Muitos países da região, inclusive a China, estão estimulando empresas e famílias a adquirir ativos no exterior, como forma de evitar os efeitos monetários da expansão das reservas. Desde 2000, algumas economias asiáticas tornaram-se -no fluxo anual de capitais- credoras líquidas, ajudando a financiar os déficits do balanço em conta corrente dos Estados Unidos.
Para países descuidados resta um aviso amigo: a economia mundial, depois do forte deslocamento do capital produtivo nos anos 90, está com capacidade excedente em quase todos os setores.
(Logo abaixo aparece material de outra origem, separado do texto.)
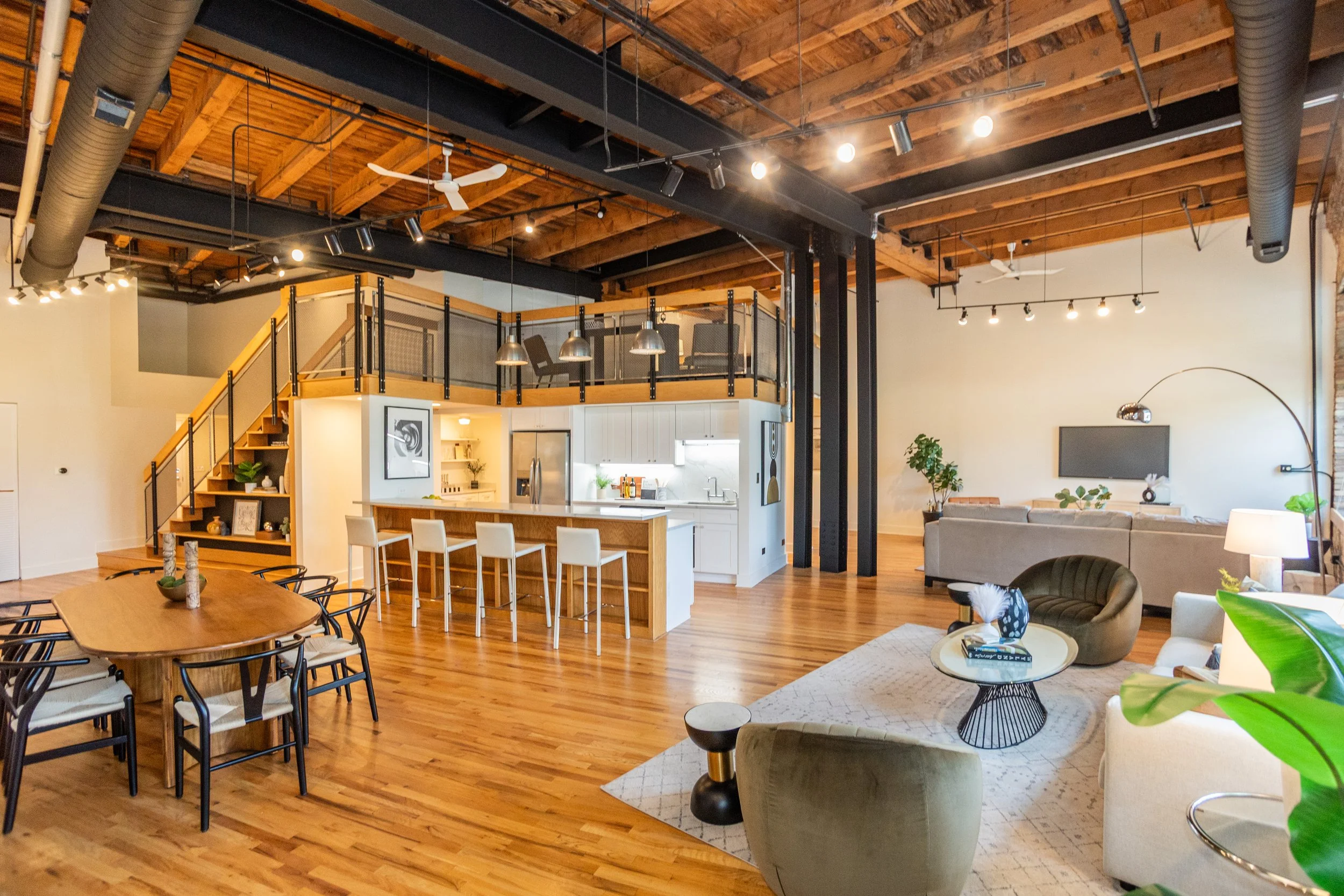 Spacious open-plan living area with a dining table, bar stools at a kitchen island, and a sitting area with sofas and chairs, featuring wooden floors, exposed wooden ceiling, and modern decor.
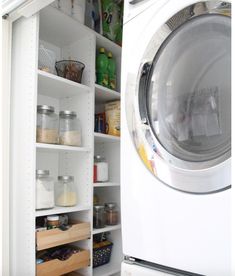 a white washer sitting inside of a dryer next to a shelf filled with items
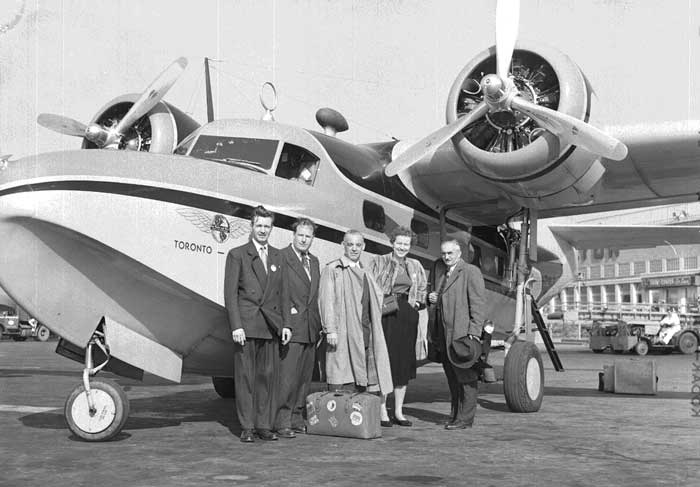 Globe and Mail staff standing outside of aircraft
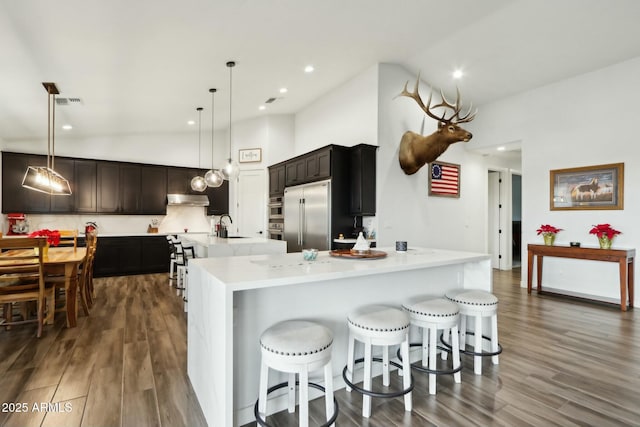 kitchen featuring pendant lighting, stainless steel built in refrigerator, sink, and a large island with sink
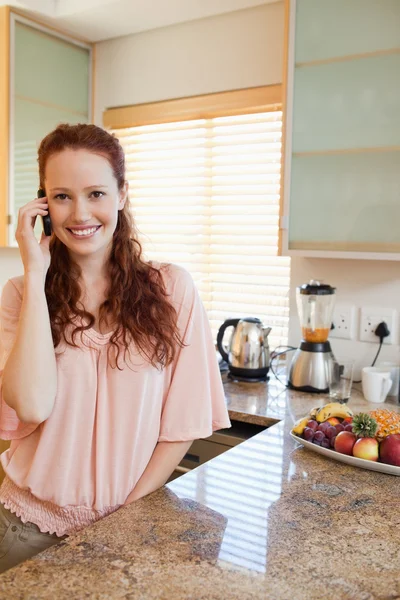 Mulher ao telefone ao lado do balcão da cozinha — Fotografia de Stock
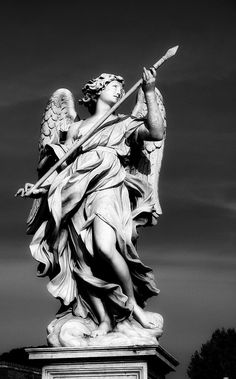 an angel statue holding a spear and shield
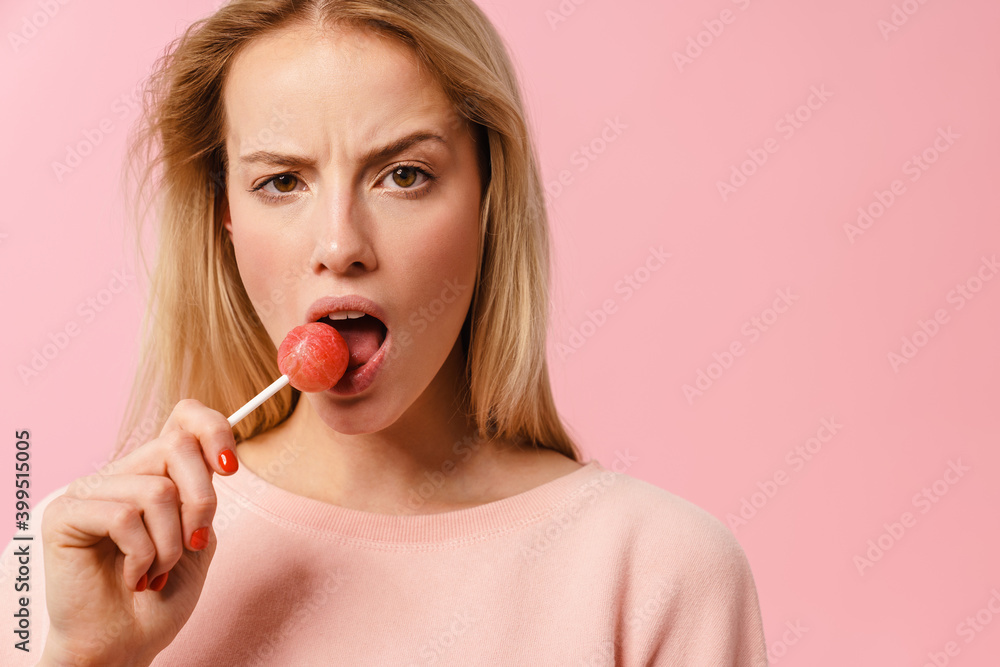 Displeased charming blonde girl liking lollipop on camera Displeased charming blonde girl liking lollipop on camera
Uma fração importante da nova capacidade criada por esse ciclo de expansão está localizada na Ásia. Essa circunstância vai tornar ainda mais acirrada a luta pela conquista de mercados e mais difícil o ajustamento do déficit em conta corrente dos Estados Unidos.
A falta de memória é o caminho mais curto entre a última crise cambial e a próxima. A receita para esses desfechos trágicos é sabida: valorize o câmbio, financie o déficit em conta corrente com endividamento externo e permita a acumulação rápida da dívida interna de curto prazo, a outra face do aumento das reservas "emprestadas".


Luiz Gonzaga Belluzzo, 60, é professor titular de Economia da Unicamp (Universidade de Campinas). Foi chefe da Secretaria Especial de Assuntos Econômicos do Ministério da Fazenda (governo Sarney) e secretário de Ciência e Tecnologia do Estado de São Paulo (governo Quércia).